Berhane Adere, die einst als Polizistin ihre Brötchen verdiente, ist die "Beste" in Wagners Rennstall. "Ihr Plus ist die Vielseitigkeit", lobt er die grazile Person, die gerade mal 48 Kilo wiegt, die sich auf 1,70 Meter Körpergröße verteilen, "sie kann überall laufen: sei es auf der Bahn, auf der Straße oder in der Halle."
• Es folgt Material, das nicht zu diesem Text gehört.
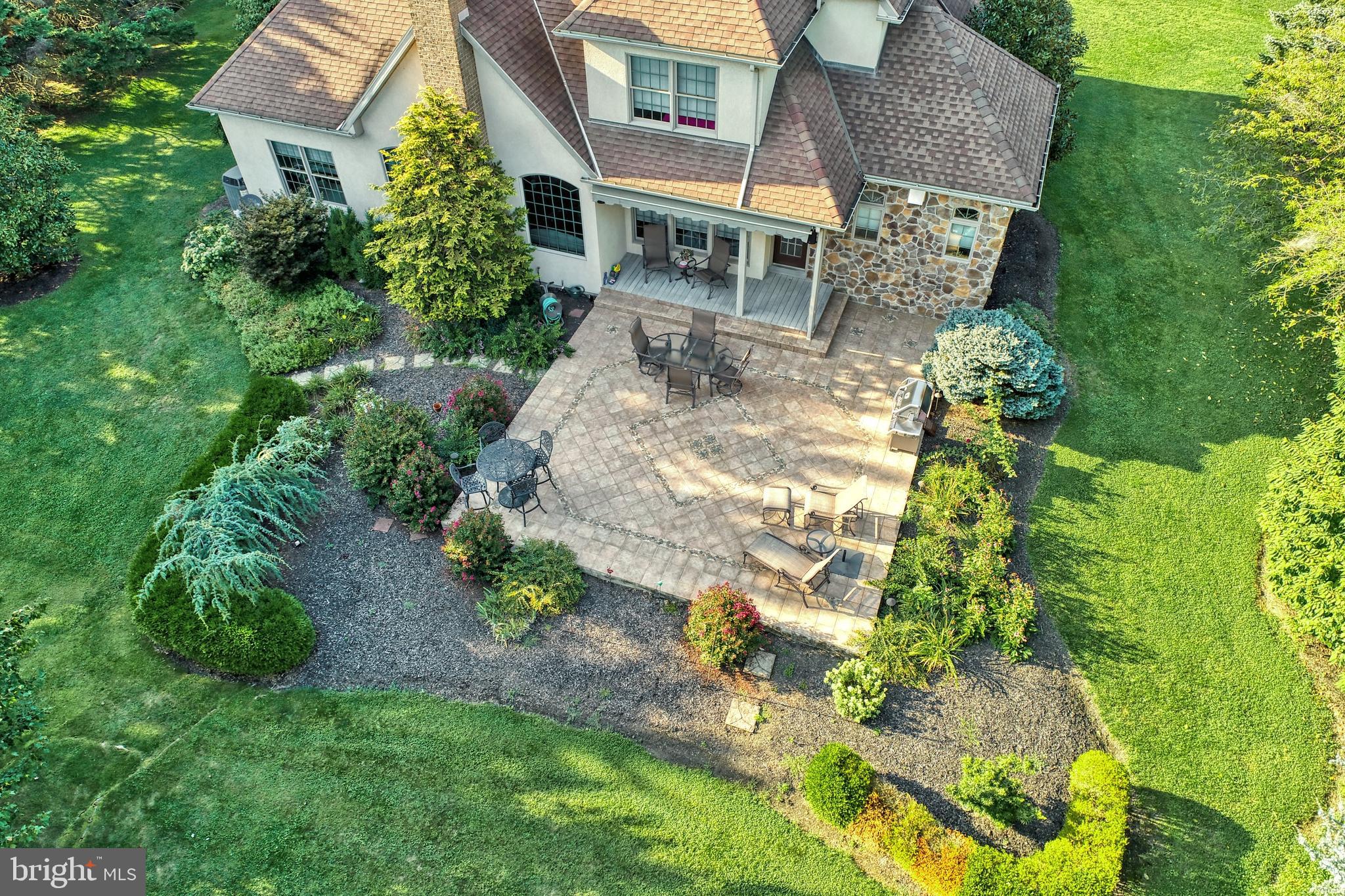 7348 Pigeon Hill Road Spring Grove, PA 17362 - Photo 61 of 67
Am liebsten daheim in Addis Abeba
In dieser Saison war Berhane Adere, die Hallenweltrekordlerin über 3000 Meter, pausenlos unterwegs. "In Detmold", berichtet Wagner, "trainiert sie meist mit Joyce Chepchumba." Allerdings ist die Kenianerin, die am Schlusstag der WM den Marathon bestreiten wird, mehr auf die Straße fixiert, sie hingegen konzentriert sich im Sommer voll und ganz auf die Bahn. "Deshalb ist Berhane häufig auf sich allein eingestellt", fügt er hinzu, "außerdem muss sie regelmäßig zurück nach Äthiopien." Denn die Verbandsoberen sind sehr streng und verlangen von den Athleten, dass sie sich unter Anleitung der Nationaltrainer auf die internationalen Großereignisse vorbereiten.
Das sei allerdings nicht weiter schlimm. Denn wenn sie nicht gerade im Flieger, natürlich Business Class, durch die Weltgeschichte tingelt und von Rennen zu Rennen düst, ist Berhane Adere ohnehin am liebsten daheim bei ihrer Familie in Addis Abeba, wo ihr Sohn eine Privatschule besucht. Erpassa Lami, ihr Ehemann, ist ebenfalls heimatverbunden. Wie seine besser Hälfte läuft auch er - je länger, um so lieber! Er ist Marathonläufer und eifert berühmten Vorbildern nach. Von Abebe Bikila und Mamo Wolde ist die Rede, zwei Heroen der Vergangenheit, die bei Olympischen Spielen drei Goldmedaillen gewonnen haben.
Marathon weiter kein Thema mehr
Marathon. 42,195 Kilometer am Stück. Berhane Adere hat an die klassische Distanz nur ungute Erinnerungen. Ihr Debüt im April 2001 in Rotterdam ist gründlich schief gegangen. "Damals fehlte ihr die richtige Basis", entschuldigt Wagner die schwache Vorstellung, "der Körper hat nicht so reagiert, wie wir gedacht hatten." Saft- und kraftlos trabte sie in 2:41:50 Stunden durchs Ziel und landete weit abgeschlagen auf Platz fünfzehn.
Einen zweiten Versuch hat sie ähnlich wie Haile Gebrselassie ad acta gelegt. Aber aufgeschoben ist nicht aufgehoben! "Irgendwann mal", sagt Berhane Adere und spielt auf Zeit. "Die WM in Paris", fügt Wagner geschwind hinzu, "war von Anfang an das primäre Ziel." Beide planen das Double: erst die 10.000 Meter, dann die 5000 Meter. Und nachher im Oktober kann es durchaus sein, dass sie bei der Halbmarathon-WM in Vilamoura nach Brüssel einen weiteren Titel anvisieren wird.
Finanziell auf der sicheren Seite
Berhane Adere, die Power-Frau, die bei ihren Europa-Trips oft Zuflucht sucht in der ostwestfälischen Idylle, um ein wenig zu verschnaufen vom Reise-Stress, hat finanziell längst ausgesorgt. Dank ihrer wieselflinken Beine, die so raumgreifende Schritte zulassen, dass sie für die Konkurrenz bisweilen unerreichbar erscheinen mag. Stolze 60.000 Dollar Prämie winken ihr bei einem Triumph auf der 25 Runden langen Distanz, eine Menge Geld, noch dazu in Äthiopien, einem der Armenhäuser auf diesem Erdball, das immer wieder von Hungersnöten gebeutelt wird.